I almost got whiplash, I was so physically taken aback. “Are you kidding me?”

“Well, I’ve heard it said that once a man cheats, he’s predisposed to cheat a second time. I don’t ever want to hurt you like that, and I cannot imagine a circumstance under which I would. But you deserved to know.”

“Because your guilt was eating you up?” I paused. “You think I should have kept my involvement with Deja’s firing a secret.”

He considered his words carefully. “I think you had to. The difference between you and I is that when I told Valerie about my transgression, I didn’t beg her for a second chance. I told her, and I ended it. You didn’t tell Holli the truth because you wanted to destroy your friendship. You wanted to tell her in an effort to save it. And I think that is one of the many ways in which you are a much better person than I am.”

I studied his face, the face I was more in love with now than I had ever dreamed possible just a year ago. All of the good about him, and all the bad, I loved him, because he loved all of me, as well. That was what love was.

Since I loved Holli, and I knew she loved me, I couldn’t believe we’d never be able to reconcile our own bad and good parts.

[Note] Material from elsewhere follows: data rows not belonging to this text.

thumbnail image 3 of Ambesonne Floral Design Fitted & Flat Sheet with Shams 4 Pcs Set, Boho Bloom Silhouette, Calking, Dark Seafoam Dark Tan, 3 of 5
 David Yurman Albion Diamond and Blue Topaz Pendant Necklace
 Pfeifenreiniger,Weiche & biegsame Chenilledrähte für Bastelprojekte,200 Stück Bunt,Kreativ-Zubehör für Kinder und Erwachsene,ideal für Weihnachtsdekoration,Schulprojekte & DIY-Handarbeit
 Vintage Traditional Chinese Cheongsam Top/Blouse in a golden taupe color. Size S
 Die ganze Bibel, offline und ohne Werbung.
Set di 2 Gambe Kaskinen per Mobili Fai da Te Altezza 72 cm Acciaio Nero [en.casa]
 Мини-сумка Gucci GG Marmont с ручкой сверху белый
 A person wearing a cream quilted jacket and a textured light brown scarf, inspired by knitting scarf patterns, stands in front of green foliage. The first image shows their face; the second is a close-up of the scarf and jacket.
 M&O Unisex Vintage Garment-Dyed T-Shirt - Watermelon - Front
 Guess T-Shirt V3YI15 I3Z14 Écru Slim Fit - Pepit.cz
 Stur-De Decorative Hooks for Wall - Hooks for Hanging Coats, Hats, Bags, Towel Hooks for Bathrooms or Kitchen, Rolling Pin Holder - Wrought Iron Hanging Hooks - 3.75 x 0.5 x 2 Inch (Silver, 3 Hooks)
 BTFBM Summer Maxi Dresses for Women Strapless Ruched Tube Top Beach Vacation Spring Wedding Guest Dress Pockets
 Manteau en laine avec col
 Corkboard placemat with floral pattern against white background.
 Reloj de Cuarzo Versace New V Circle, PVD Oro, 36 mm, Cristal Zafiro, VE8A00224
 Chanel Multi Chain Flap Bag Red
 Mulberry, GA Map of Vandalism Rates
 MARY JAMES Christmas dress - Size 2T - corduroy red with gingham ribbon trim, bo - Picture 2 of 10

I refused to believe our friendship was over.

CHAPTER FOURTEEN

“What time was the reservation?”

“Eight,” I called to Neil from the bathroom. I grinned at myself in the mirror as I rolled a tube of dark berry lipstick over my bottom lip. Somehow, miraculously, Emma and I had managed to keep her father’s surprise party a total secret. Tonight, he was expecting a quiet dinner with me and Rudy, followed by a proper fiftieth birthday celebration after we moved into the new house in two weeks.

“A combination retirement and birthday party,” he’d described it. “I didn’t think I would make it to fifty, so I want to do it right.”

He had absolutely no idea how “right” tonight was going to be.

I checked myself in the mirror and straightened the skirt of my very snug silver sequined sheath dress. I checked the double-sided tape hiding my bra-straps beneath the thin shoulders of the dress, which were barely wider, and pushed up my cleavage. If we were just going out to dinner, I might have worn something a bit more conservative, but tonight was a party, and I was damn well going to dress like it.